Diese Wirtschaftlichkeitsuntersuchung ist unter anderem damit begründet worden, dass die Ergebnisse der Anhörung zu dem geplanten Waldtausch ihrer Ansicht nach keine abschließende Klärung erbracht hätten, ob das vorliegende Wertgutachten ausreichend sei. Nach wie vor sei unklar, ob dem Land aus dem Tauschgeschäft Vorteile oder Nachteile erwüchsen. Es ist auf die Stellungnahme des Landesrechnungshofes hingewiesen worden, wonach das angewendete Verfahren zwar plausibel sei, jedoch nicht erkennen lasse, ob bestimmte Risiken, namentlich des Klimawandels, angemessen berücksichtigt worden seien.
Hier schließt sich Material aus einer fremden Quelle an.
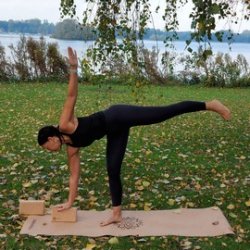 Samarali Yogablok i kork - kologisk - 22,7 x 12 x 7,5 cm.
(Egbert Liskow, CDU: Welches Klimawandels?)

Ebenso habe der Landesrechnungshof das vorliegende Gutachten im Sinne der Wirtschaftlichkeitsuntersuchung nach Paragraf 7 Landeshaushaltsordnung als nicht ausreichend angesehen. So seien beispielsweise die Waldumbaukosten für die Überführung des Forstobjektes Eichhof in den von der Landesforstanstalt für den Landeswald angestrebten naturnahen Zustand nicht ausreichend dargelegt worden. Vom Büro „Wald- und Landschaftsplanung“, dessen Sachverständiger nach eigener Aussage als Einziger der Anzuhörenden die Tauschflächen vor Ort begutachtet hat, ist während der Anhörung Kritik sowohl an der Modifizierung des Verfahrens der Wertermittlung als auch an Einzelbewertungen geübt worden. Er ist zu dem Ergebnis gelangt, dass der Bestandeserwartungswert für den Vergleich von Tauschflächen nicht geeignet sei und stattdessen unter anderem der Waldrentierungswert herangezogen werden sollte.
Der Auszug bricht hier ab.